Dan percakapan itu berakhir dengan mencari informasi tentang Balai Taman Nasional Kepulauan Seribu. Singkatnya, kami mendapatkan kontak untuk magang tetapi kemudian malas karena Pak Budoyo yang so called Pak Yo/Jo bilang kalau ada presentasi dulu sebelum magang. Ya, tidak semotivasional itu.

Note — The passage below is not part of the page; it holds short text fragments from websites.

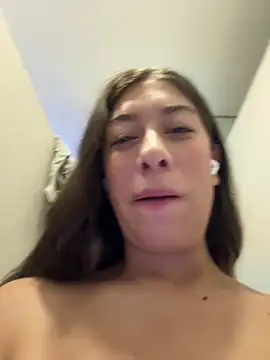 Snapshot of Enyeld_ruru chatting on 3, 5, 2026 Enyeld ruru online show from 3, 5, 2026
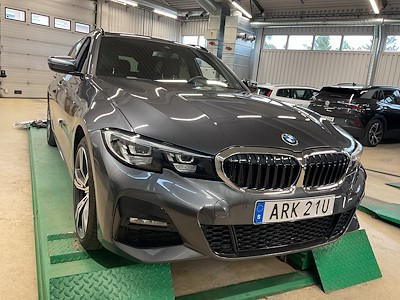 BMW Series 3 330e xDrive Touring M Sport Skinn PDC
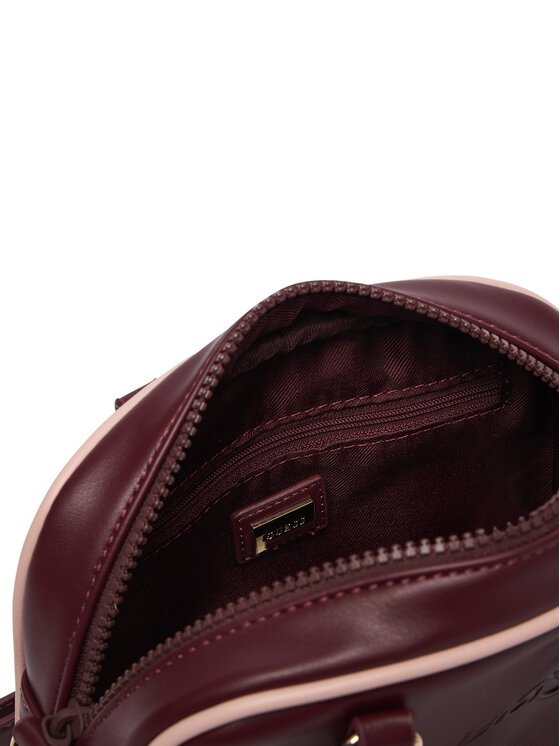 Guess Guess Kabelka V6BZ03 W4541 Bordová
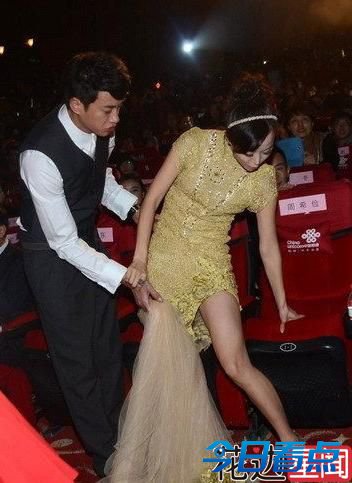 女星贴心帮陆毅擦脸 狂舔手指不慎走光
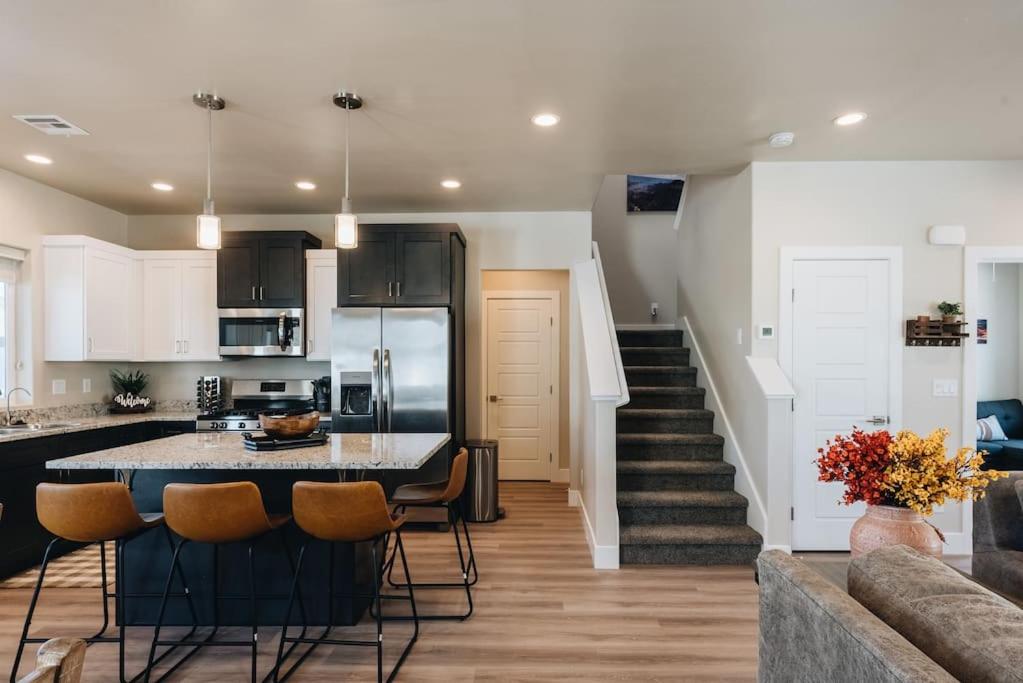 Grand Canyon-4bed,3bath,hot tub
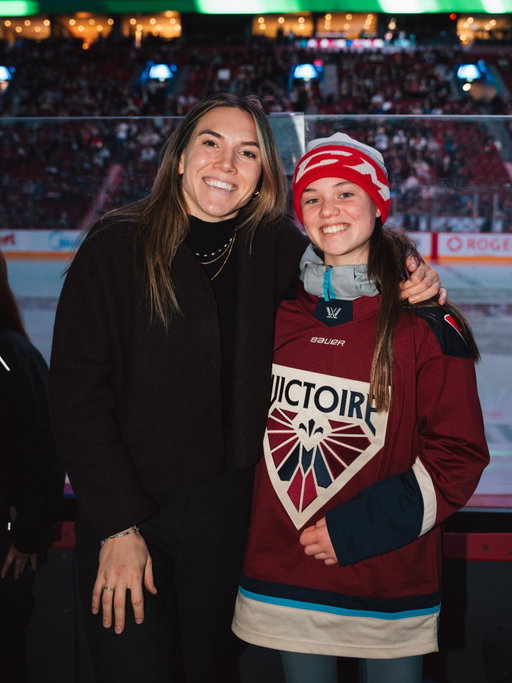 Joueuse de l’année de Canada Soccer 2025 et joueuse du @fcbfrauen , @vanessagilles4 est parmi nous aujourd’hui au Centre Bell 🙌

-----------------------------------------------------------------------------------------------------------------------------
Wacana magang masih kelabu hingga akhirnya aku mendapat invite grup oleh Ayu, si anak MSP asal Lampung. Tampaknya wacana ini bakal direalisasikan gengs! Kami mulai mencari-cari master proposal magang dari kakak tingkat, yang jelas semuanya dicover oleh Ayu dan Naila. Kami mengambil 2 topik yaitu konservasi mangrove dan konservasi lamun. Surat-surat kemudian diurus hingga bolak-balik akademik (yang jelas lagi bukan aku yang bolak-balik, you know lah siapa hehehe). Sebenarnya kami juga masih clueless dengan apa yang akan kita lakukan saat magang. Tapi karena keinginan kami untuk liburan, kami tabras kebingungan dengan motto yang penting sampai ke Pulau Seribu.

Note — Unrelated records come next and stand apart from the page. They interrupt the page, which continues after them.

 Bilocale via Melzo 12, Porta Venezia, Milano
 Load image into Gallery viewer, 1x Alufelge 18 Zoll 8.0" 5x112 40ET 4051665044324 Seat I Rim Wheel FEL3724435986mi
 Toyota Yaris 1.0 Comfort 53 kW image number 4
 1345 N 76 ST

Saat itu masih UAS saat Ayu dan Naila dan Rani mengurus proposal (bukan kami yha hehe) dan akhirnya proposal kami sudah diterima. Aku kemudian minta ijin orangtuaku dan beliau memperbolehkan. Kami memilih tanggal 23 – 29 Desember 2017, cukup singkat karena kami memilih magang mandiri, bukan Kuliah Lapangan yang memakan waktu hingga satu bulan. Jujur semuanya serba mendadak, kalau dibandingkan dengan kakak tingkat yang sudah mengajukan proposal sejak bulan September sedangkan kami mengirim proposal yang benar-benar siap 10 hari menjelang keberangkatan. Proposal selesai dan kami sibuk memburu tiket, sejenak lupa bahwa kami memilih tanggal diakhir tahun yang notabene high season. Pak Yo menyuruh kami untuk presentasi di Balai TNL Kepulauan Seribu dahulu di Salemba tanggal 22 Desember. Otomatis kami harus berangkat tanggal 21.

Kamis, 21 Desember 2017
Aku, Sekar, Husna, dan Rani masih ujian hingga pukul 3 sore, kereta kami berangkat pukul 6 sore, dan kami belum sama sekali membuat ppt untuk presentasi wkwkw. Kami sudah naik kereta, tidak ada drama, Alhamdulillah. Aku kemudian nyambi membuat ppt di dalam kereta. Sungguh kami masih tidak tahu apa yang sebenarnya akan kami lakukan. Apalagi mendengar dari cerita kating bahwa di 3 hari pertama mereka dikerjain dengan dicuekin huft. Saat pptku hampir selesai, Ayu yang duduk didepanku menengok dan berkata, “Heh, Pus, kata Pak Yo nggak usah presentasi nggak papa, aku bilangnya kita belum sempet bikin soalnya masih UAS gitu heheh.” Eh dasar. Oke, mungkin karena malam itu moodku sedang baik dan tidak ingin terlihat goblok, aku lanjutkan pptku yang sejatinya hanya sederhana.

Jumat, 22 Desember 2017
Kereta kami berhenti di perhentian terakhir yaitu Stasiun Pasar Senen sekitar jam setengah 3 pagi. Pak Yo menyuruh kami untuk menginap di Balai saja, daripada rencana awal yang ingin datang ke rumah tantenya Rani di Depok, terlalu jauh. Turun dari go-car, kami mengetuk pintu Balai di pagi buta. Sungguh, itu isinya laki-laki semua dan kami perempuan semua heu. Kami dipersilahkan masuk ruang rapat di lantai 2, sesuai pesan Pak Yo, agar kami bisa beristirahat di situ. Waktu berjalan dan matahari mulai datang, “Heh, bangun-bangun! Kita ini di kantor orang!”. Sungguh kami sangat kikuk dan memutuskan untuk tidak mandi pagi itu wqwq. Kantor semakin ramai oleh staff yang berdatangan dan bertanya-tanya siapa kami ini. Untung beliau-beliaunya ramah-ramah!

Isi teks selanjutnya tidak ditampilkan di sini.